Bye, Twitter

Bye, Twitter

Sixteen years. So many great memories. Great example of early co-design and what was possible if you listened to user feedback.

A deep, deep love for a marvellous and important product. There are some who may think it is ‘cringe’ – as the kids say today – to be sad. But it is okay to be sad when you have invested time, and emotions and have happy memories attached to something.

So many take tech for granted. They don’t see invisible labour, the tireless work to remove friction, the tape and glue that keeps servers up, the content moderators’ trauma, the vision that we all had for a product like Twitter.

I’ve been rough on tech bros lately, but that comes from a place of disappointment at having seen what was done to these platforms, and what they were supposed to be.

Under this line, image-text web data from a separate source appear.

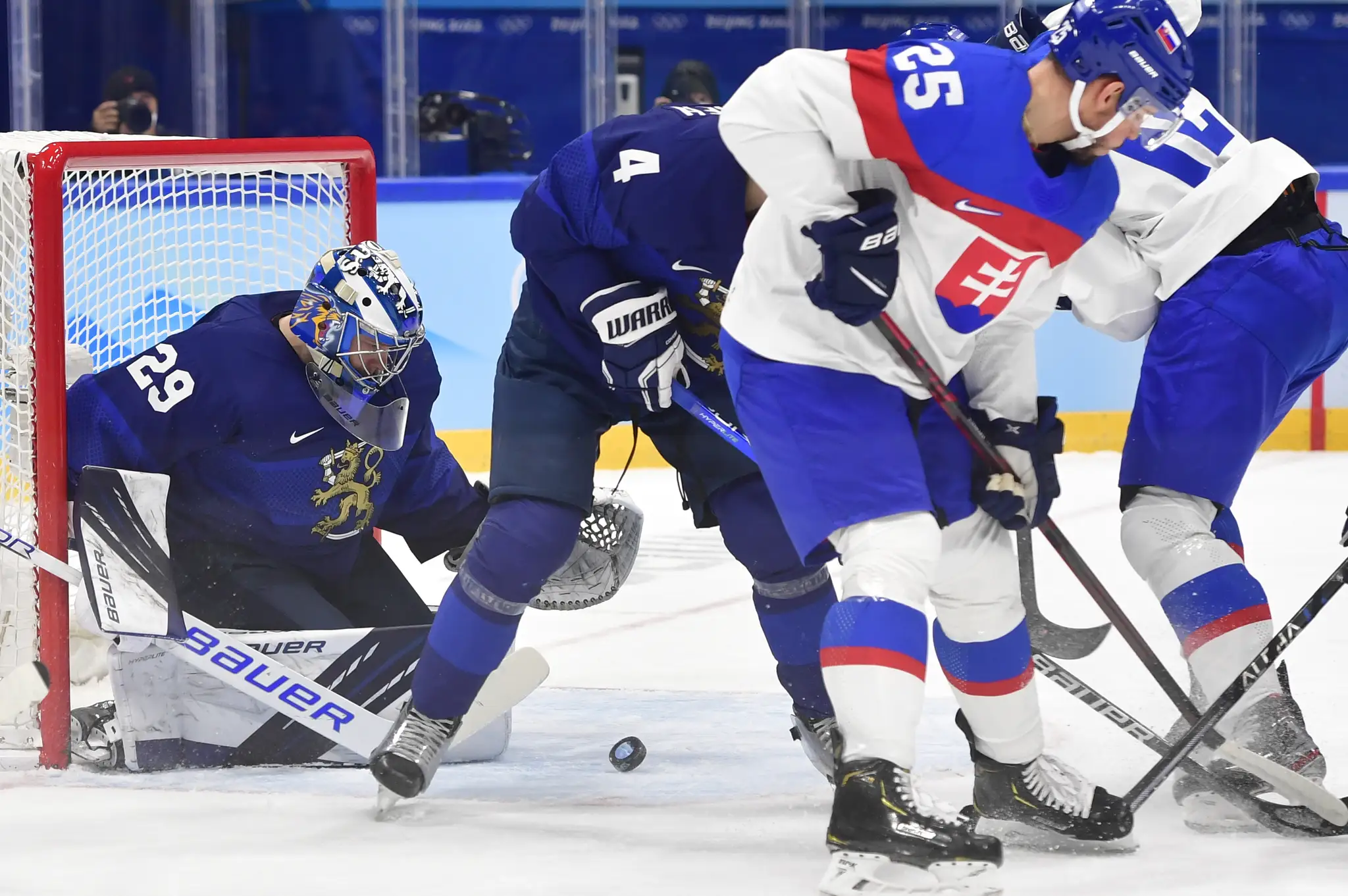 Zľava Fíni Harri Säteri, Mikko Lehtonen a Peter Zuzin v semifinále ZOH 2022.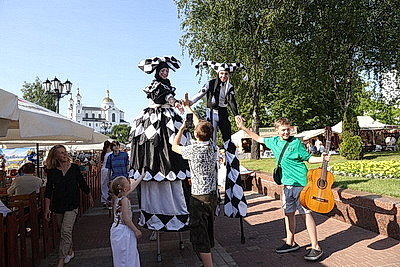 Фест \"На семи ветрах\" стартовал на \"Славянском базаре\"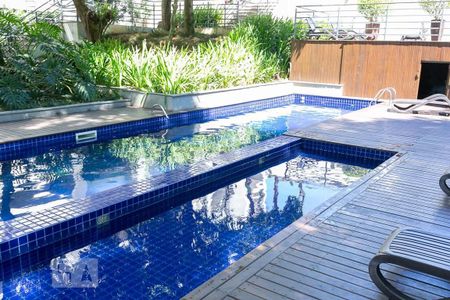 Apartamento à venda com 65m², 2 quartos e 1 vagaÁrea comum - Piscina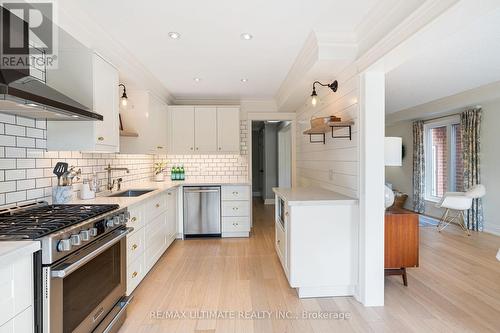 538 Eliza Crescent, Burlington, ON - Indoor Photo Showing Kitchen With Upgraded Kitchen
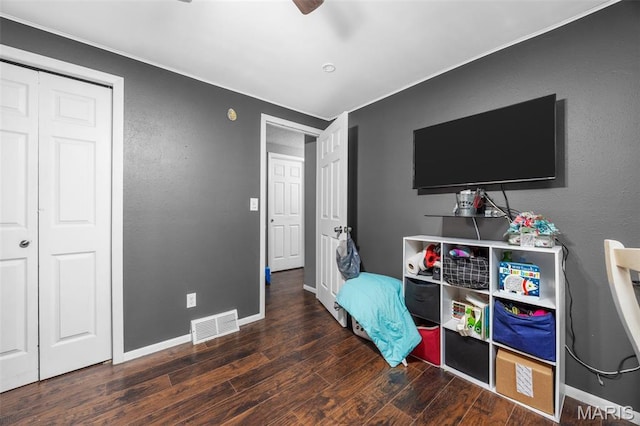2850 S Hwy W, Winfield, MO 63389 - bedroom with wood finished floors and a textured wall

Maybe I was the gullible one for believing in it in the first place, but there was a window there where things were truly… incredible. Lifelong friendships. So many laughs. So many people who met husbands and wives and whose children grew up alongside each other and never got to meet, making us act like a weird aunty to a very confused kid who thinks “do I know you?”.

I’ve even been the main character – zero stars would not recommend – but still, marvellous for this Perth girl who never fit in anywhere and would have gone insane if not for other weirdos on the virtual watercooler that was Twitter.

Then, selfish people – first, media and ‘brand’ people (who Twitter was supposed to disrupt) staged a hostile takeover, thinking the Internet was theirs to gentrify and control, were then overtaken by the jerks who think the internet is theirs to wreck, and users for them to harass.

Twitter was a deep love that turned abusive, where I then convinced myself it could change, if I just kept trying. I even tried to work there so I could help fix things. I wrote a proposal on how to change the product and processes to solve the problems. That went as far as their support tickets: nowhere.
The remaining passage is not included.